**TO DO:** Word for word, transcribe the data below from the line with "Robert Bob Jones" to the line with "Men's letter print", keeping both of those lines.

* * *

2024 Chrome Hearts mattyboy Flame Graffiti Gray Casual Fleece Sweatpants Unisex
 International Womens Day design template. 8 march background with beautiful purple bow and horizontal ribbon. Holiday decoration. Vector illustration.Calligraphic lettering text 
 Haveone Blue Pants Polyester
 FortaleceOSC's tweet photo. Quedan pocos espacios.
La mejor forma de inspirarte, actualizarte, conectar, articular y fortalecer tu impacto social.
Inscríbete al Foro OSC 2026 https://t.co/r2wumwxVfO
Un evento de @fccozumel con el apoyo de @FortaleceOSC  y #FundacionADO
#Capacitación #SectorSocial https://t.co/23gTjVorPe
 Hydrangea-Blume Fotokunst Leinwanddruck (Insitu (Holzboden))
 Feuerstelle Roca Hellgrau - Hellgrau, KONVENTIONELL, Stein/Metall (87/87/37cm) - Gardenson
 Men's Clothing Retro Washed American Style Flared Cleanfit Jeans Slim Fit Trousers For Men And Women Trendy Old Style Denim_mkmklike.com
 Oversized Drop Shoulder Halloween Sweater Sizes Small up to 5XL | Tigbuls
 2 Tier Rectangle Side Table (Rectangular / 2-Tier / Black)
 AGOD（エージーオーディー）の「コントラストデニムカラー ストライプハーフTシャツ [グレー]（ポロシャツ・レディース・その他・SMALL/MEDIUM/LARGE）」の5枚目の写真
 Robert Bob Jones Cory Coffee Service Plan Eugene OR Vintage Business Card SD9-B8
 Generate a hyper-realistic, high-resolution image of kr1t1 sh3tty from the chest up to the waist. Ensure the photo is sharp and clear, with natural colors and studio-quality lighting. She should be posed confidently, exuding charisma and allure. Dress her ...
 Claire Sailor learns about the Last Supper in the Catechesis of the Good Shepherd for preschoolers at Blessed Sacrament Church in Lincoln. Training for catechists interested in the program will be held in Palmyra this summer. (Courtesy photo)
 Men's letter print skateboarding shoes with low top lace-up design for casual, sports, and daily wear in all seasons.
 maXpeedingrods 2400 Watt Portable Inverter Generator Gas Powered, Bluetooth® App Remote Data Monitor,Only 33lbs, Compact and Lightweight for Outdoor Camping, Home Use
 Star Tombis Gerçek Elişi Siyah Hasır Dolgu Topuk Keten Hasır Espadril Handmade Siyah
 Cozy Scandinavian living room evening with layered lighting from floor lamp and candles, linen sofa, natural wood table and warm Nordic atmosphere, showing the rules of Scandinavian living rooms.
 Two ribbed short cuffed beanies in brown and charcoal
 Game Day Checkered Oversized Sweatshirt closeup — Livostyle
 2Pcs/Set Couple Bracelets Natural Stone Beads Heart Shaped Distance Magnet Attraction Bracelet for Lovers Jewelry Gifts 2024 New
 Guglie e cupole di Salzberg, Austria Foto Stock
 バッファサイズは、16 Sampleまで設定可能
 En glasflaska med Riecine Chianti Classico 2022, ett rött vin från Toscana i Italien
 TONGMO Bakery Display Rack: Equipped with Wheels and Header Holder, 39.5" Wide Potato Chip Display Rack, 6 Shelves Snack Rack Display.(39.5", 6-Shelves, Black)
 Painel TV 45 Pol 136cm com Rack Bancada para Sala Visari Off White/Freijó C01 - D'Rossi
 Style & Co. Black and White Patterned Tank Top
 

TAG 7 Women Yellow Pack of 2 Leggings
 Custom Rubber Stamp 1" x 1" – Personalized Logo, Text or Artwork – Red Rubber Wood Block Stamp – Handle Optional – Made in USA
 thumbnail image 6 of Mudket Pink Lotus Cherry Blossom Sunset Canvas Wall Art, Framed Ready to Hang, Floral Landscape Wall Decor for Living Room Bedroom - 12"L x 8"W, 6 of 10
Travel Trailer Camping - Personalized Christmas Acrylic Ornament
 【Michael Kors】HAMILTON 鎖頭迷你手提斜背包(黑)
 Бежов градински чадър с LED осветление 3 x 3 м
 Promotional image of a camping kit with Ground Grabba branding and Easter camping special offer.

* * *

**WRITTEN RESPONSE:**
 Robert Bob Jones Cory Coffee Service Plan Eugene OR Vintage Business Card SD9-B8
 Generate a hyper-realistic, high-resolution image of kr1t1 sh3tty from the chest up to the waist. Ensure the photo is sharp and clear, with natural colors and studio-quality lighting. She should be posed confidently, exuding charisma and allure. Dress her ...
 Claire Sailor learns about the Last Supper in the Catechesis of the Good Shepherd for preschoolers at Blessed Sacrament Church in Lincoln. Training for catechists interested in the program will be held in Palmyra this summer. (Courtesy photo)
 Men's letter print skateboarding shoes with low top lace-up design for casual, sports, and daily wear in all seasons.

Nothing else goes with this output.